Diözesen wie Bozen-Brixen oder die katholische Jungschar in Linz sind bereits auf Facebook vertreten. Auch Dompfarrer Faber hat das Netzwerk von Facebook bereits mehrere Male gute Dienste leisten können.

"Ich bin aus Ärger vor zehn Jahren aus der Kirche ausgetreten und jetzt würde ich gerne den Wiedereintritt wagen. Eine junge Person ist über Facebook an mich herangetreten und ist schon wieder einer von den 70 Wiedereingetretenen, die bei mir jedes Jahr die kirchliche Gemeinschaft suchen, finden und wieder als eine Gemeinschaft erfahren, die ihnen hilft. Über Facebook habe ich Freunde wie diese junge Dame auch schon wieder zurückgeführt und einige andere auf diesem Weg für eine Hochzeit, eine Taufe oder sonstige kirchliche Feiern gewinnen können."

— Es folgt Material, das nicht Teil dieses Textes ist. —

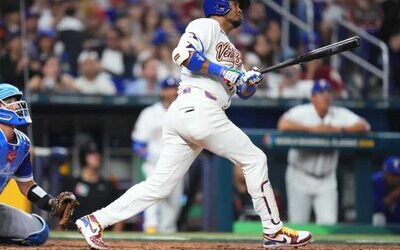 Luis Arráez impulsa a Venezuela a colocarse en 2-0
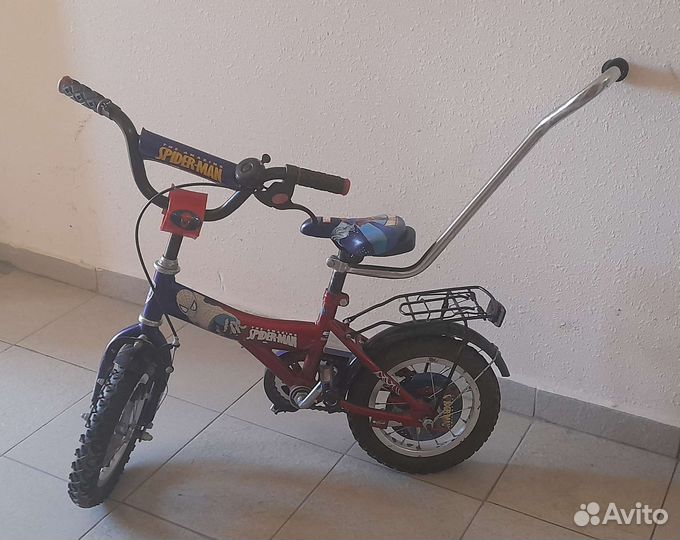 Детский четырехколесный велосипед с ручкой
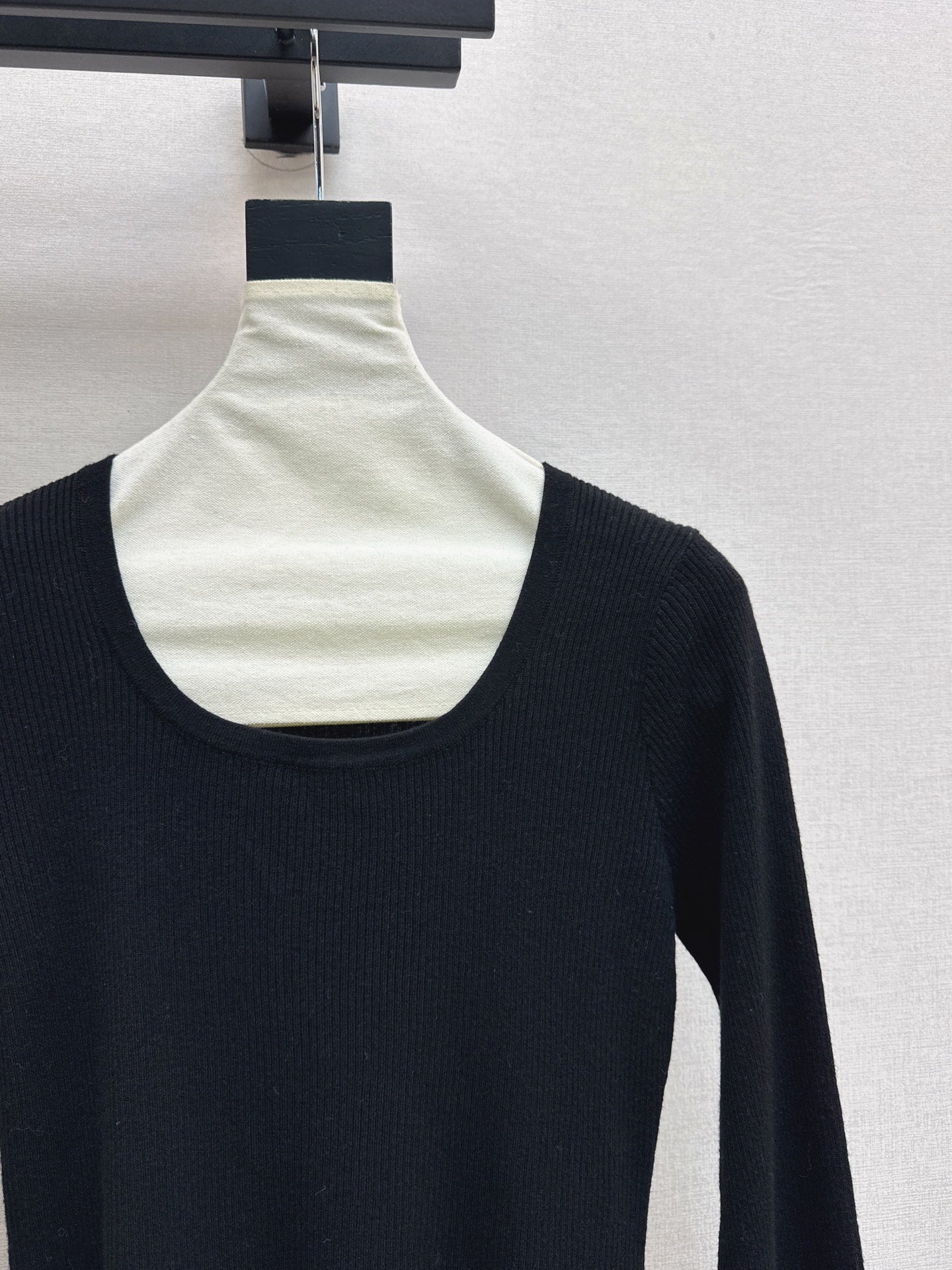 Es 25fw lace base layer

Die Forderung des Papstes beim diesjährigen Medienrat scheint Toni Faber bereits zu erfüllen: Der Dompfarrer hat begonnen, die Sprache der neuen Medien zu lernen und die Chancen der vernetzten Kommunikation zu nutzen. Wir gratulieren sehr herzlich zu seinem 3.500 Freunde umfassenden Online-Netzwerk.